1. Introduction
Recently, human action detection has become increasingly important in a variety of industries, such as healthcare for elders. A wide variety of devices for human activity recognition have been proposed, including cameras, wearable devices, lidar, and radar.
Tufek et al. [
1] recognized daily activities using wearable sensors, which were implemented with accelerometers, gyroscopes, and wireless radio frequency modules. A three-layer long short-term memory (LSTM) model with a data balancing algorithm was used on the UCI HAR benchmark dataset, and the ETEXWELD dataset was collected. Although the model achieved high accuracy rates, wearable devices must be worn on body parts, such as the chest, during data collection, which can be quite cumbersome during actual use.
Li et al. [
2] proposed vision-based fall detection methods that worked on recorded videos or real-time video streams. Three algorithmic pipelines for multi-level tasks were designed, where the pipelines consisted of the frame-level algorithm pipeline (FLAP), the sequence-level algorithm pipeline (SLAP), and the video-level algorithm pipeline (VLAP), and each pipeline focused on a different feature representation. For example, for the sequence level fall detection (SLFD) task, the authors proposed a dynamic pose motion (DPM) representation to capture a flexible motion extraction module. However, such approaches that use cameras have the problem of privacy invasion.
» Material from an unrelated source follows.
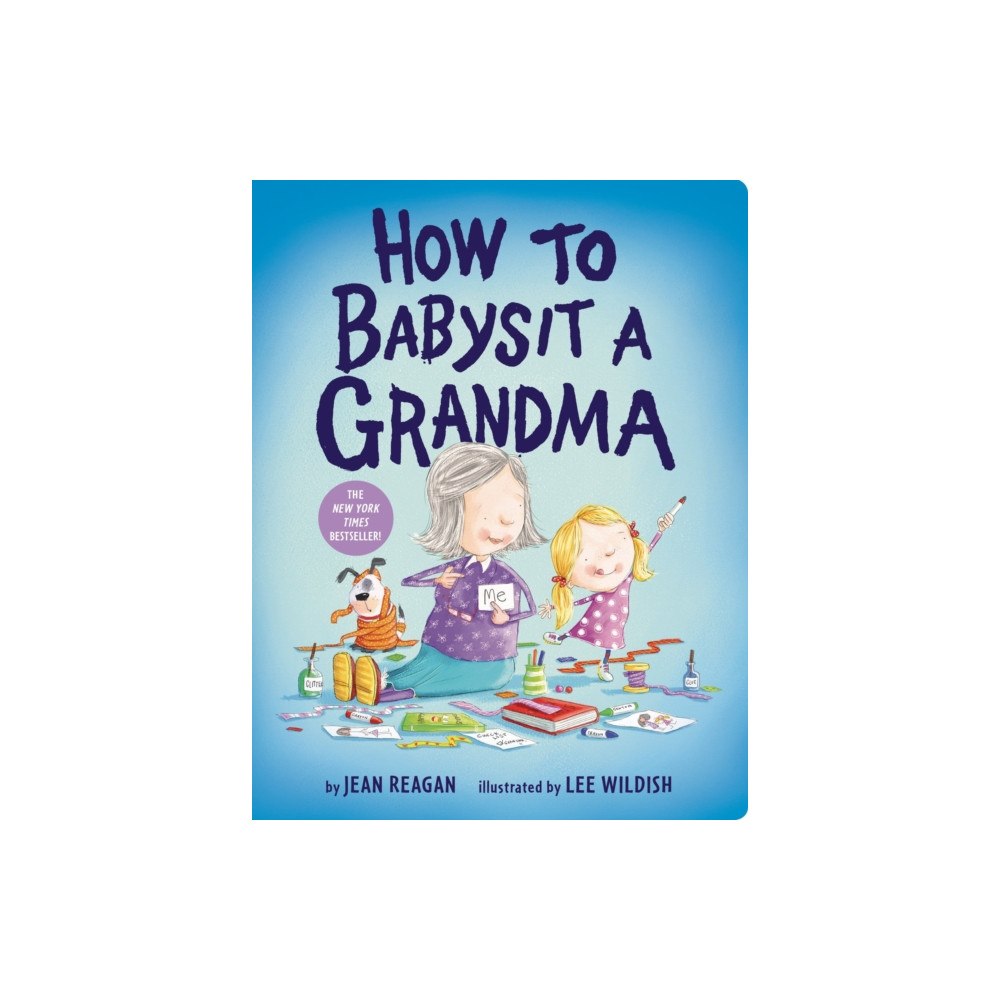 Random House Childrens Books How to Babysit a Grandma (bok, board book, eng)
Lidar and radar have often been compared in the study of human activity recognition. Luo et al. [
3] proposed using a 2D lidar to recognize human activities by classifying people’s motion trajectories. They used spatial transformation and Gaussian noise for trajectory augmentation. Then, two neural networks, including an LSTM network and a temporal convolutional network (TCN), were used on trajectory samples collected from a kitchen. These two networks outperformed the hidden Markov model (HMM), dynamic time warping (DTW), and support vector machine (SVM) by a wide margin.
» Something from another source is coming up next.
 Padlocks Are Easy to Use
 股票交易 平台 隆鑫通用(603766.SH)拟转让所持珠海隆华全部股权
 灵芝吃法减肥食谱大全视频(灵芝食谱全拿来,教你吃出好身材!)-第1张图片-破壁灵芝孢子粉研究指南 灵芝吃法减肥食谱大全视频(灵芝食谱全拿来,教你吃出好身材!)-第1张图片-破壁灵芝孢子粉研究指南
Radar has several advantages over lidar. First, it is not strongly affected by weather conditions. The radio waves used in radar have a small degree of absorption, so this technology can work well even under bad weather conditions, whereas lidar is vulnerable to weather, such as fog and snow. Second, miniaturization technology is also more highly developed for radar than for lidar. Therefore, radar has been widely used in the defense field, such as in fighter jets, which must operate even in bad weather.
One disadvantage of radar is that it produces rather sparse data, because the radio waves emitted by radar have weak straightness. In addition to wavelength problems, inherent noise is also a cause of the sparsity in radar data [
4]. Accordingly, many studies have investigated ways to effectively combine radar with camera sensors to perform more accurate detection and object identification than is possible using radar alone. With the impressive growth of machine learning and deep learning techniques, new methods for processing sparse radar data have been proposed.
Singh et al. [
5] selected voxelization to pre-process radar data and achieved greater than 90% accuracy with deep learning classifiers. Sengupta et al. [
6] also adopted a voxelization method, and in order to predict skeletal key points, mmPose-NLP (Natural Language Processing) architecture, which employed extracted features from the voxelized data, was presented.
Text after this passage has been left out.